L’Affaire Midori, c’est le miroir de la société

La société japonaise est connue pour sa propension à privilégier le groupe au détriment de l’individu. Cette mentalité, solidement ancrée dans les esprits, amène bien sûr des aspects positifs : la politesse des Japonais et leur sens du service sont loués internationalement. Avec un revers de la médaille plus sombre toutefois : cette volonté de ne pas déranger autrui, de ne pas être « le clou qui dépasse » aboutit à un isolement des individus et au silence devant des violations des droits humains.

Plus communément, une femme enceinte n’osera pas demander une place assise dans les transports en commun, elle tentera de faire remarquer sa présence et signalera sa condition via une application mobile adaptée. De même concernant les frotteurs « chikan » : plutôt que d’alerter à haute voix un attouchement sexuel, une application permet à la victime de signaler son agression en direct pour faire réagir les personnes alentours, ce qui concrètement ne fonctionne pas. Préserver les apparences à tout prix au détriment des plus vulnérables, jusqu’à annihiler toute communication. Là se trouve un terreau fertile pour des drames comme celui de Midori.

Photo de Hugh Han sur Unsplash

Ainsi, l’enquête expose que le voisin de Midori, qui entendait les pleurs répétés de la petite Maya laissée seule dans l’appartement, préfère ne pas s’en mêler ! Le proxénète qui exploite Midori, l’obligeant à abandonner sa fille de longues heures seule chez elle pour se rendre chez un client, veille à ce que les autorités soient tenues à l’écart. Midori subit la double peine de sa situation : elle est à la fois mère célibataire et travailleuse du sexe, un double stigmate social. Alors que la société japonaise tolère largement le commerce sexuel tout en l’interdisant, elle ne se préoccupe que peu des vies parfois très jeunes qu’il brise. Pourtant, on ne peut déplorer les conséquences sans s’intéresser aux causes.

Tous ces éléments (et bien d’autres) rigoureusement approfondis dans l’ouvrage de Karyn Nishimura, ne retiendront pas ou trop peu l’attention des médias classiques qui préféreront s’attarder jusqu’à l’écœurement sur les détails les plus sordides des meurtres. Car, dans trop de médias, parfois pourtant réputés comme sérieux, le sensationnel prime désormais sur l’informationnel, au Japon comme en France. Il faut capter l’attention des téléspectateurs pour éviter qu’ils ne zappent sur une autre chaîne, quitte à survoler le sujet sur le ton du scandale.

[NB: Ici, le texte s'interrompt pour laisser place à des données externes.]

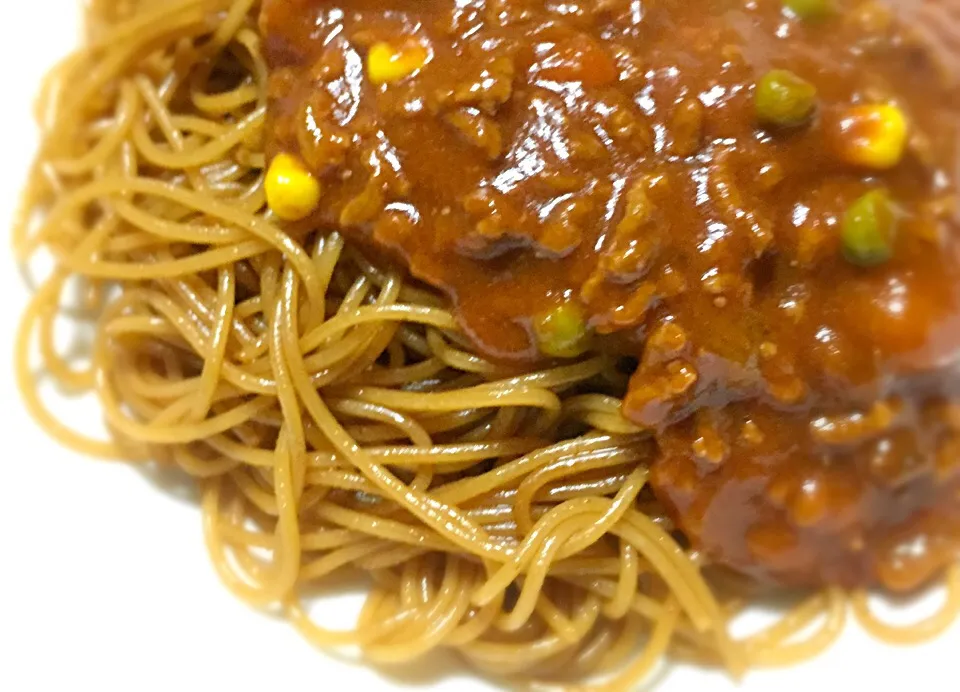 昨日のハヤシライスソースを煮込んでミートソースに変身！これをソーススパゲッティにかけて、新潟Ｂ級グルメのイタリアン(^-^)/|ギムレットさん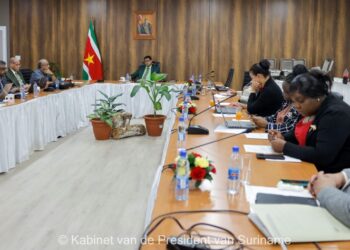 RRV122403 1 Minister van Sociale Zaken en Volkshuisvesting, Ines Pané, bevestigt de recente ontmoeting met stichting Wan Okasi, vertegenwoordigers van een groep personen met een beperking. Het overleg met president Chandrikapersad Santokhi op 25 januari richtte zich op het aanpakken van zorgen en uitdagingen met betrekking tot tijdige uitkeringen aan deze groep.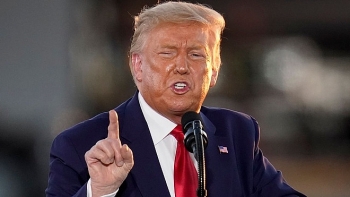 tong thong trump tung don quyet dinh gi vao ngay 61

Il est bien plus accrocheur de surfer sur l’émotion, de flatter les bas instincts du public que de s’interroger sur les circonstances complexe du crime qui, d’une part pourraient donner l’impression de l’excuser et d’autre part obligerait chacun à porter un regard critique sur soi-même, sur l’action des responsables politiques, sur les failles d’une société dans son ensemble. Pourquoi personne n’a réagi aux cris interminables et quotidiens de l’enfant ? Pourquoi la société japonaise n’aide pas les jeunes en situation précaire ? Pourquoi rejeter les victimes de Fukushima ? Pourquoi tant de gentillesse affichée mais manque flagrant d’empathie structurelle ?

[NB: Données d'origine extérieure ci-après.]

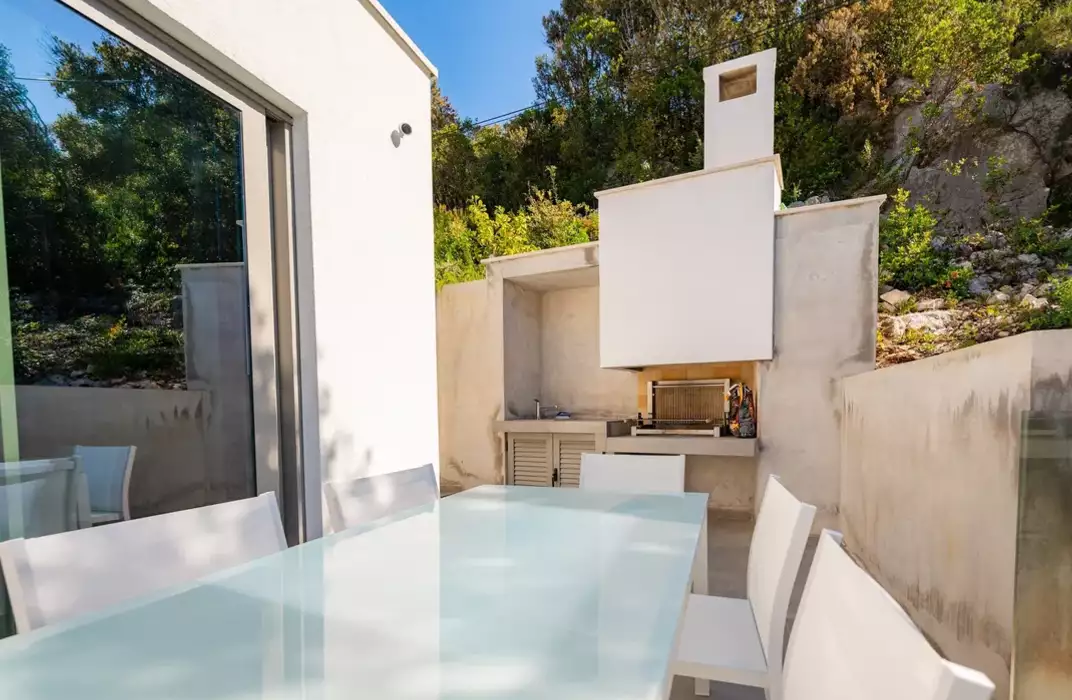 House 390m² in Croatia, Korcula. Priced at 2100000€ rent photo-47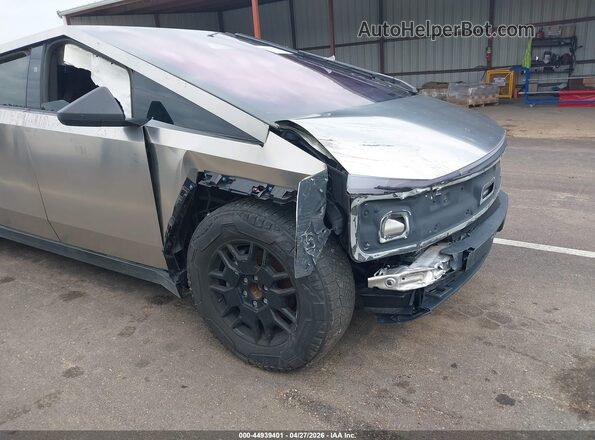 7G2CEHEE9RA041723 2024 TESLA CYBERTRUCK Gray Դիմացի տեսք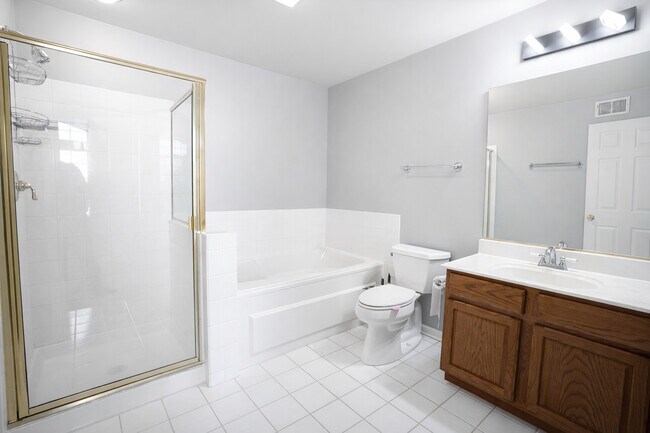 Building Photo - 1084 Park Hill Cir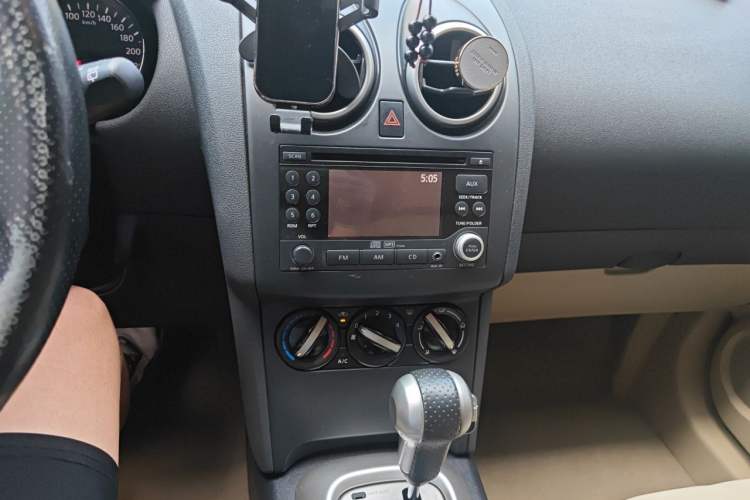 Used Nissan Qashqai 2012 2.0 XL Fire CVT 2WD Audio And AC Panel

L’Affaire Midori, c’est un ensemble de faisceaux qui se sont réunis pour aboutir au pire. Si Midori avait pu compter sur le soutien de sa famille, de la société, si elle n’avait pas croisé la route d’un proxénète, si elle avait eu la possibilité d’accoucher sous X,… Il aurait suffi de peu de choses pour faire dévier le cours du destin de Midori et celui de ses enfants. La conclusion tragique de cette affaire et du livre qui l’expose, c’est que tant que la société japonaise ne fera pas face à ses failles, de tels drames se reproduiront inévitablement.

L’Affaire Midori est publié par Picquier Editions

Karyn Nishimura aborde différentes aspects de la société japonaise à travers ses ouvrages Japon, la face cachée de la perfection, Les Japonais, et Histoire du manga. Elle est également co-autrice de Être jeune en Asie : Chine, Inde, Japon, et Internet en Asie – Chine, Corée du sud, Japon, Inde.